__Task instructions__: Your task is to restate word for word the lines in the material below, from the one with "Lambskin Quilted Small" up to and including the one with "Printable Word Find". Do not carry over the pictures.

__Input records__:
####
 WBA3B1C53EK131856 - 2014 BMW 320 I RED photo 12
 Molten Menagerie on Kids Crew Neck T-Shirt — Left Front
####
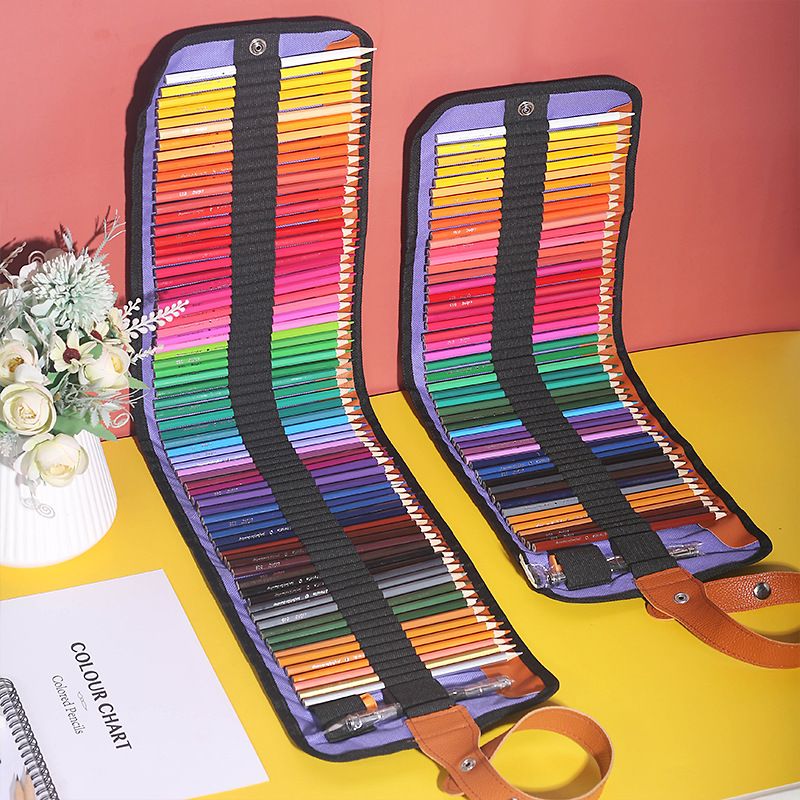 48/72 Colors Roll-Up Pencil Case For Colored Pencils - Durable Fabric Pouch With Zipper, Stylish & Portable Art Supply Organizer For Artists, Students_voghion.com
####
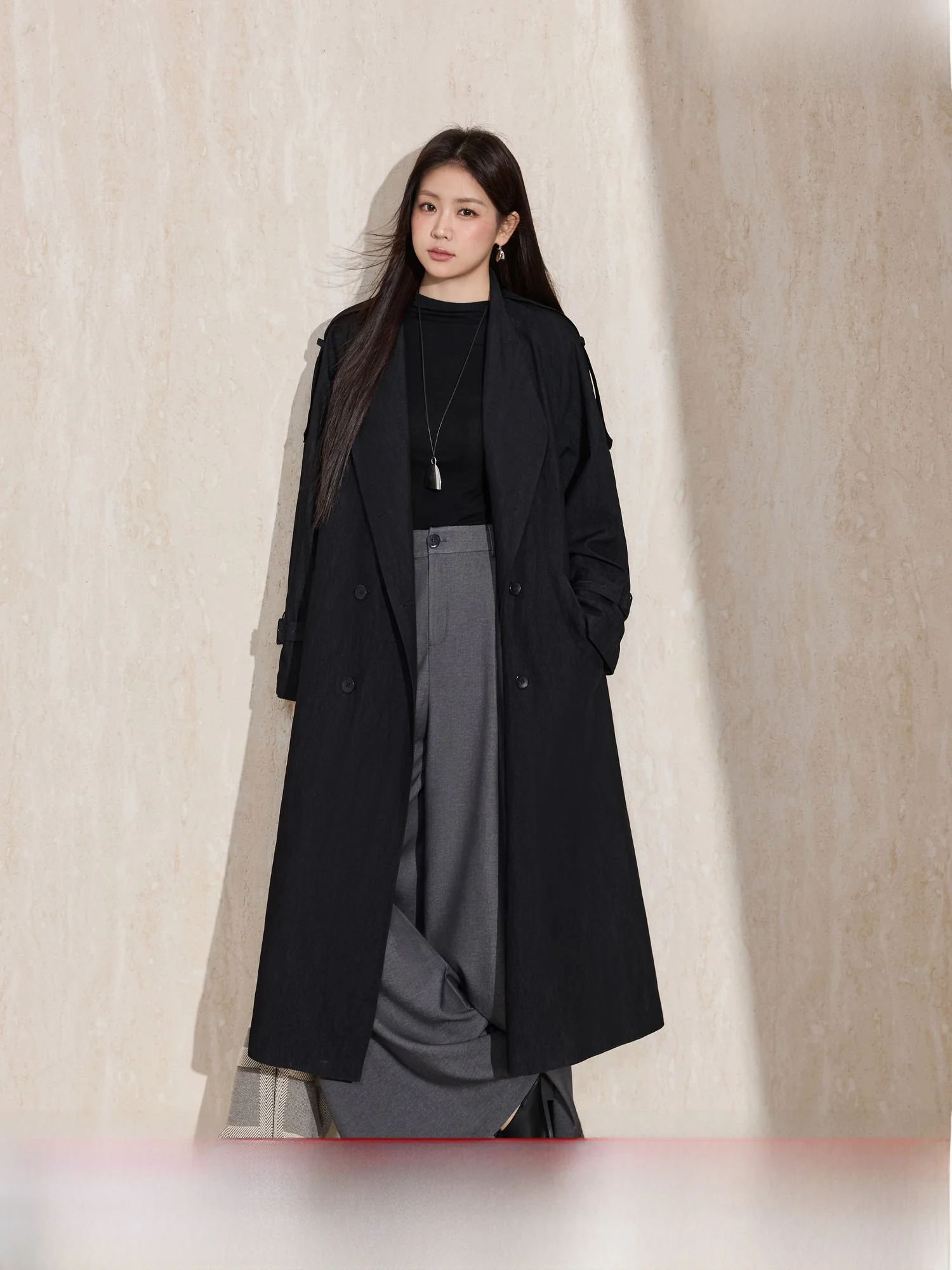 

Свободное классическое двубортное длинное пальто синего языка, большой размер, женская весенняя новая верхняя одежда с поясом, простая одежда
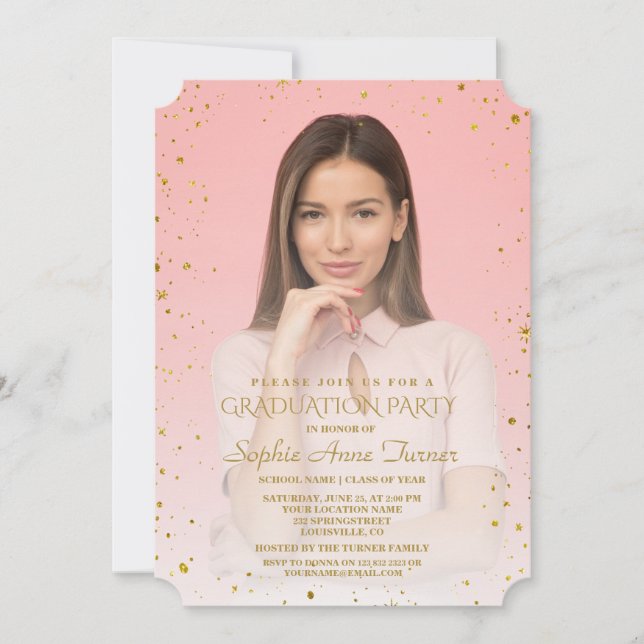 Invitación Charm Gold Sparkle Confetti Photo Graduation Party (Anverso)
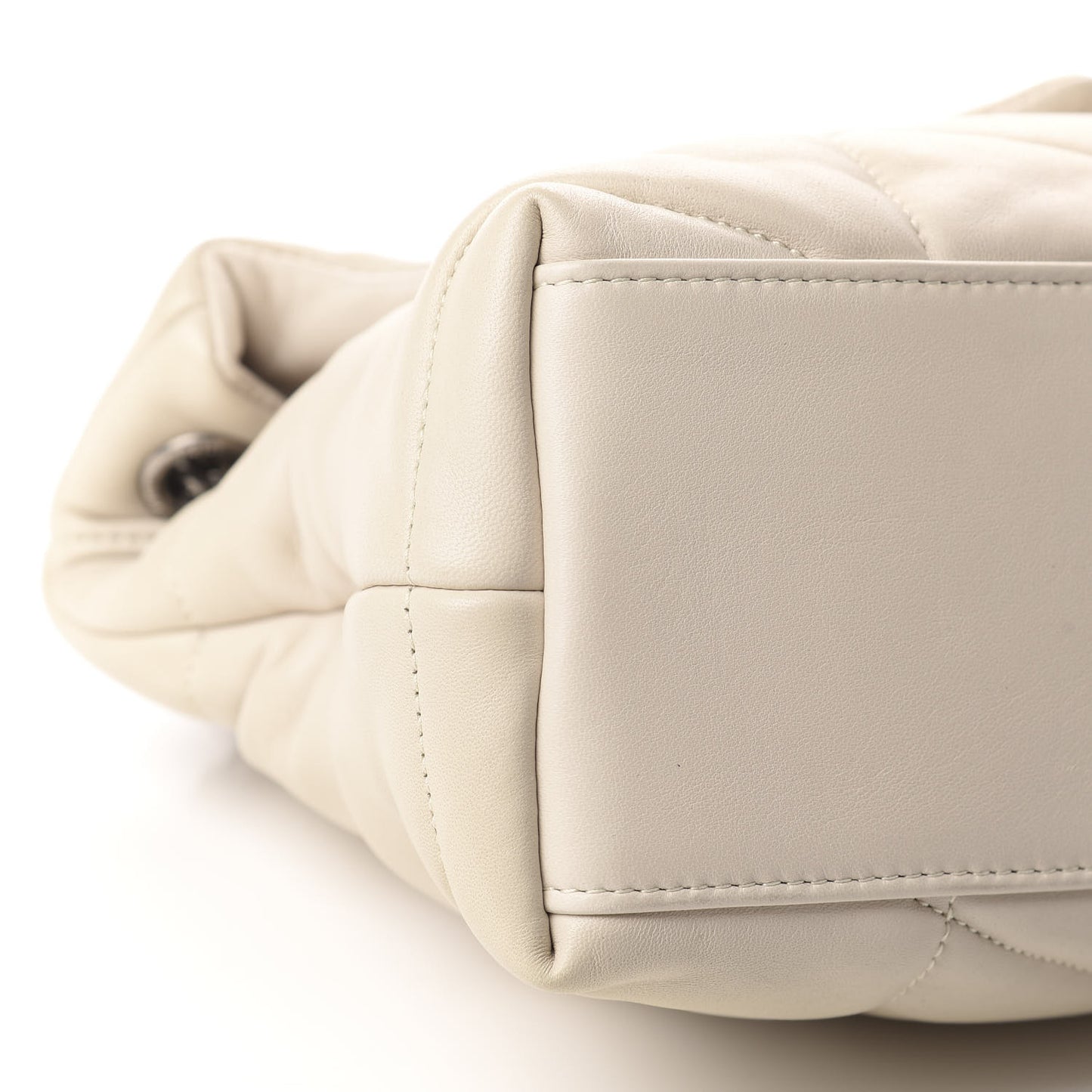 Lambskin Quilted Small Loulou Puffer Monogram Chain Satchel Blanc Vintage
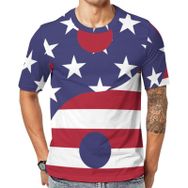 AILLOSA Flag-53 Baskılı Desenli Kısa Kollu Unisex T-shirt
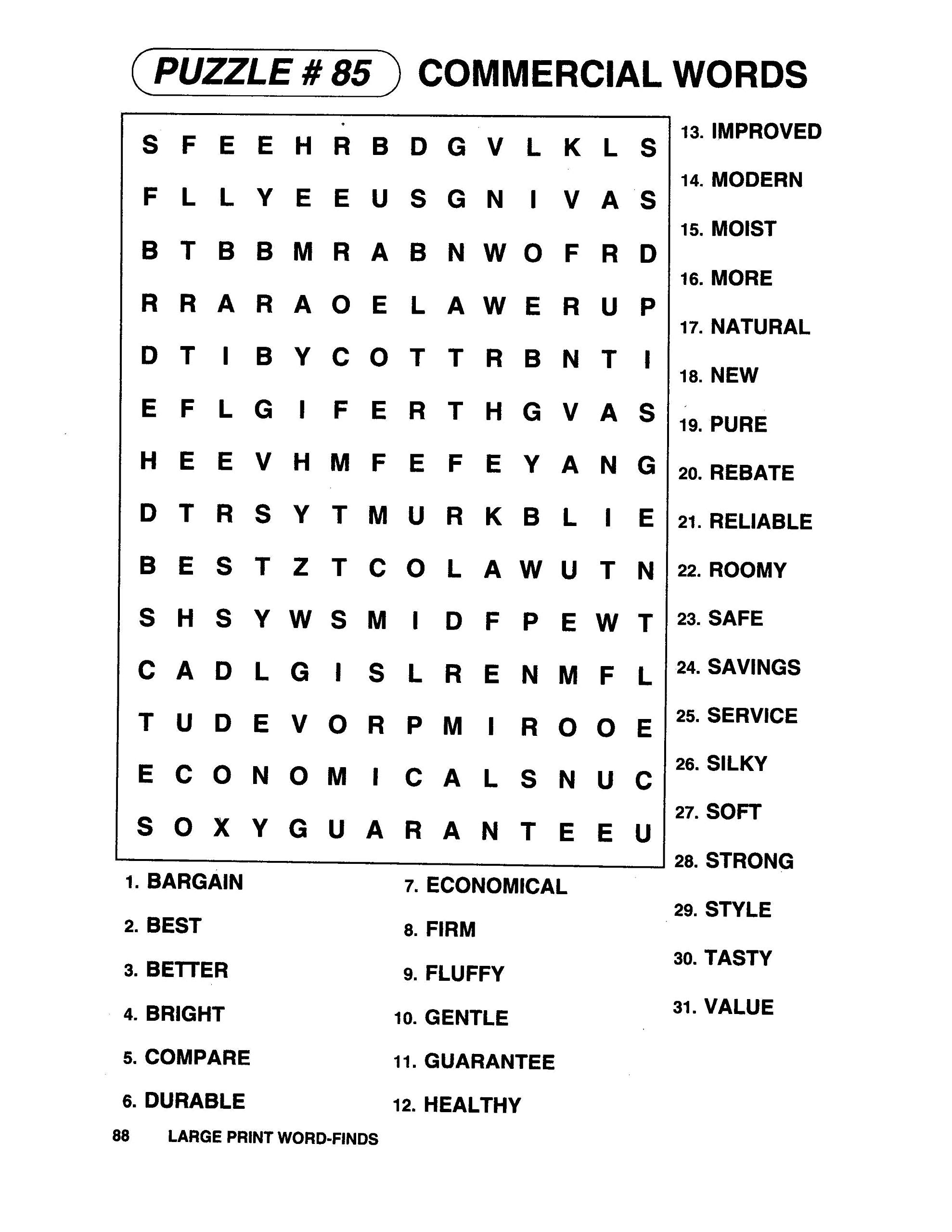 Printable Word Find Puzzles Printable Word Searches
####
__Response area__:
 Lambskin Quilted Small Loulou Puffer Monogram Chain Satchel Blanc Vintage
 AILLOSA Flag-53 Baskılı Desenli Kısa Kollu Unisex T-shirt
 Printable Word Find Puzzles Printable Word Searches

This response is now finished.